The Iron Thorn - Caitlin Kittredge [4]
“Course it is,” Cal said, catching his breath. “You missed the jitney too, huh?”
“Only by a little,” I said, feeling furious all over again. If Portnoy hadn’t kept me in the madhouse …
“I guess it’s leftovers for us,” Cal sighed. Even though Cal was the rough size and shape of a pipe-cleaner boy, he ate like a barbarian at a feast. He’d been my friend since the first day of our time at the Academy, and if he wasn’t thinking about comic books or asking me for advice on getting my roommate, Cecelia, to notice him, Cal was thinking about food. Leftovers was a tragedy of the same order as being expelled from the School of Engines and having to transfer to the School of Dramatics. Me, I couldn’t care less tonight. My stomach was still in knots.

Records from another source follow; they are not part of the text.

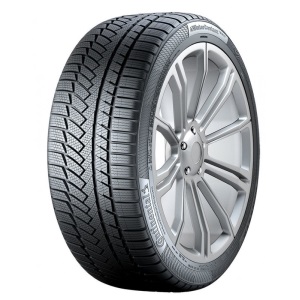 CONTINENTAL WinterContact TS850 P AO 225 50 17 98H 0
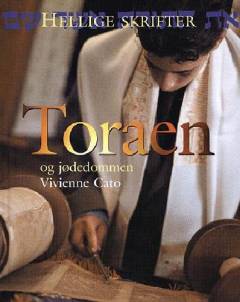 Toraen og jødedommen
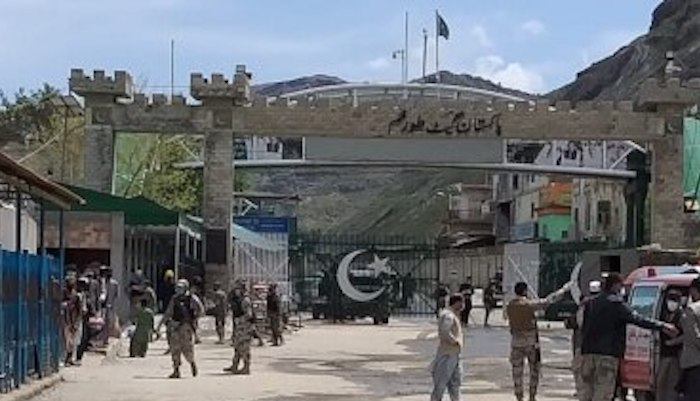 Pakistan Closes Borders, Temporarily Suspends Mobile Services For Security On Election Day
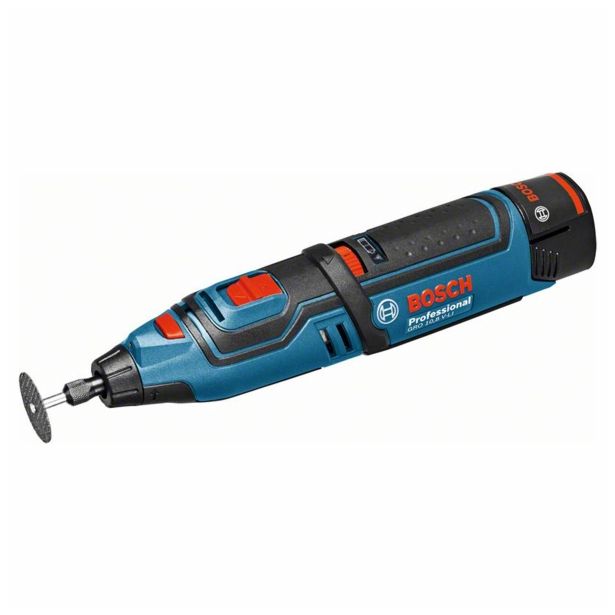 AKUMULATORSKO ORODJE BOSCH PROFESSIONAL GRO 12V-35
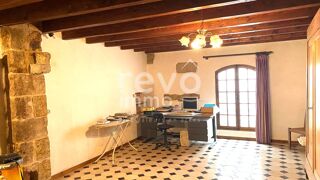  Maison � vendre 5 pi�ces 131 m� Saint pargoire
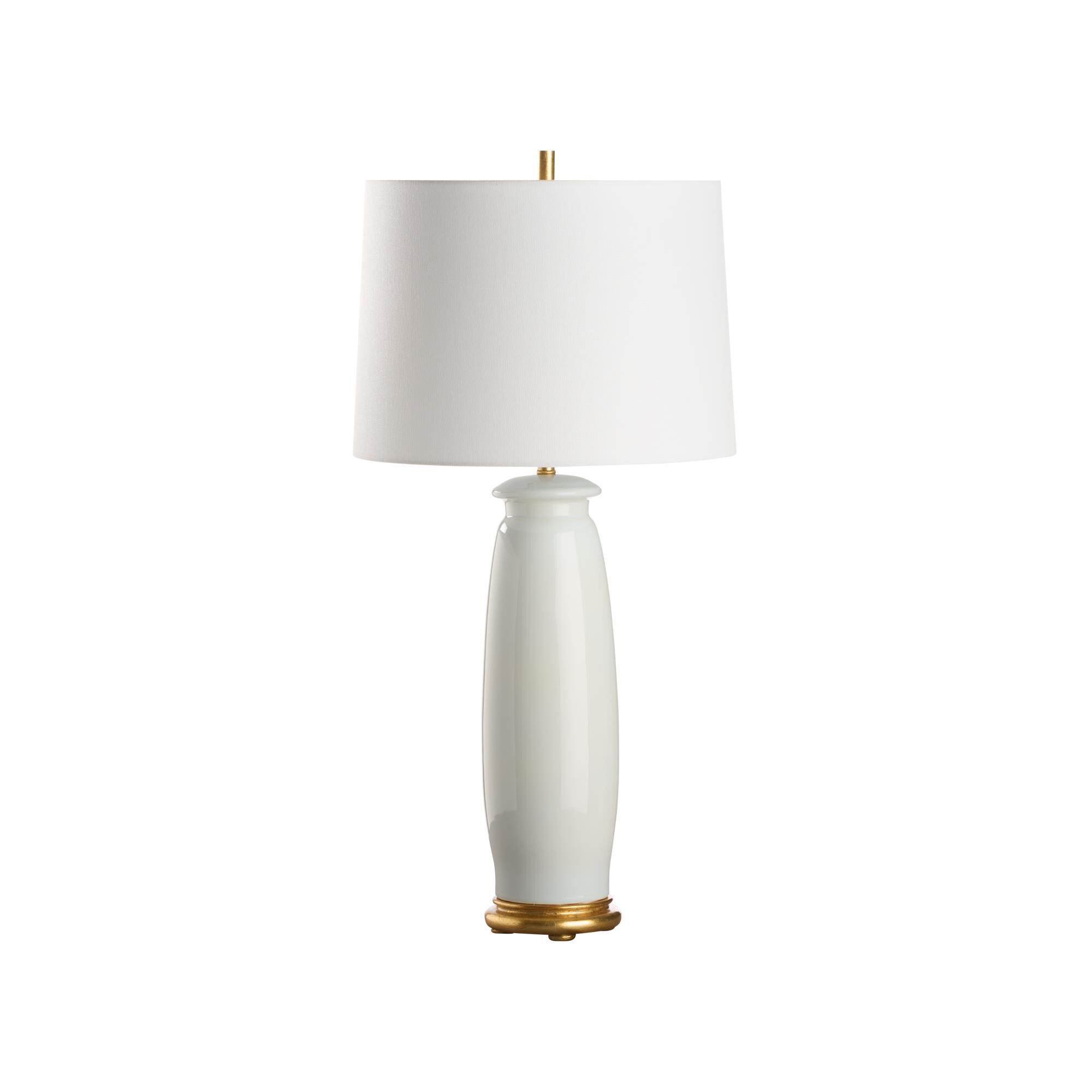 Jamie Merida Melanie 29 Inch Table Lamp by Chelsea House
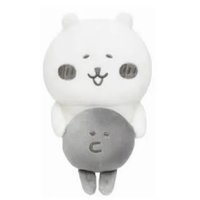 官網通販 螢幕掛娃 素描風螢幕掛飾絨毛玩偶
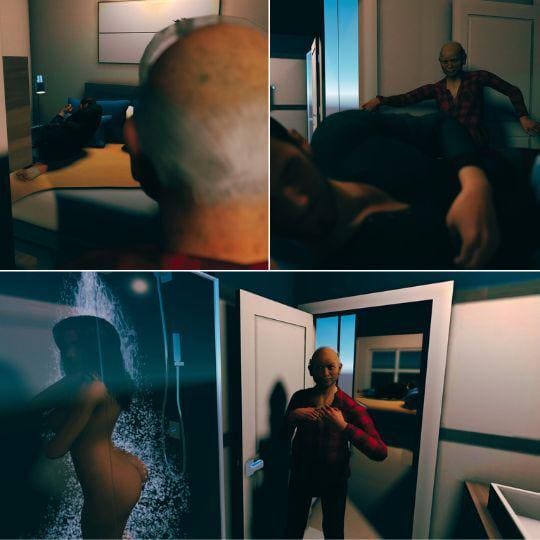 ส่วนลึกในใจเหมียว 2 - สิ่งยั่วใจ ภาพ 22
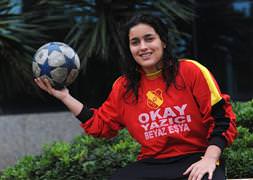 Zokora'nın baldızını da transfer ettiler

We were at the foot of Derleth Street, the wide blood-rust expanse of the Erebus River boiling with slow-moving ice before us. To one side lay the river walk, lit up ghost-blue by aether lanterns and packed with late-evening tourists and shoppers. The arcade whistled enticingly, the penny prizes a temptation that I could feel pulling at Cal.
On the other side crouched Dunwich Lane, a completely unlit expanse of cobble street, except for the old-fashioned oil lantern hanging in front of a pub called the Jack & Crow.
Dunwich Lane ran under the feet of the Boundary Bridge, the iron marvel that Joseph Strauss had erected for the city some thirty years before. Cal and I—along with the rest of the sophomore class—had taken a field trip to it at the beginning of the year. It was the model we practiced drawing schematics with, until we were judged competent to design our own. If you couldn’t re-create the Boundary Bridge, you had a visit with the Head of the School and a gentle suggestion that perhaps your future was not that of an engineer. There had been three other girls in the School until that exam. Now there was only me.
The bridge looked much different from below, crouched over the river like a beast at rest, its iron lattice black against the dusk. I plucked at Cal’s arm. “Come on.”
He looked blank. “Come on where?”
I started down Dunwich Lane, the cobbles slick under my feet from the frost. Cal bounded after me. “Are you crazy? Students can’t be down here—all of Old Town is off-limits. Mrs. Fortune and Mr. Hesse will have our hides.”
“And who’s going to tell either of them?” I said. “This is the quickest way back to the Academy on foot. There’s nothing to be worried about if we’re together.” I didn’t know that for fact. I’d never walked through Old Town after dark. Students, especially charity cases, couldn’t afford to bend the rules of the Academy, and like Cal said, Old Town, night or day, was not a place where a nice girl went. Not if she wanted to stay nice.
Still, we were in a city, far from necrovirus outbreaks and the heretics that Rationalists preached against. No storefront fortune-tellers or charlatan witches, or the “virally decimated,” were going to leap out and attack us.
At least, I really hoped not.
Cal waffled, looking back at the bright glow of the aether lamps and the arcade.
“Leftovers,” I reminded him. That did it—Cal caught up with me and stuck his chest out, shoving his hands deep into the pockets of his buffalo plaid coat like some tough in a comic book.
We walked for a bit, the sounds of Derleth Street fading and new ones creeping in. The faint music from the Jack & Crow. The drip of moisture from the roadbed of the bridge above. The rumble of lorries crossing the span to and from the foundry with their loads of iron.
“This isn’t so bad,” Cal said, too boldly, too loudly. We passed boarded-up row houses, their windows all broken, diamond panes like insect eyes. Alleys that wound at head-turning angles to nowhere. I felt the damp of the river, and shivered.
No student of the Schools was allowed to come to Dunwich Lane. I’d always thought it was to keep the boys away from the prostitutes and poppy dens that we weren’t supposed to know about, but now I wondered if I’d been wrong. The cold worsened. My exposed skin was so chilled it felt crystalline.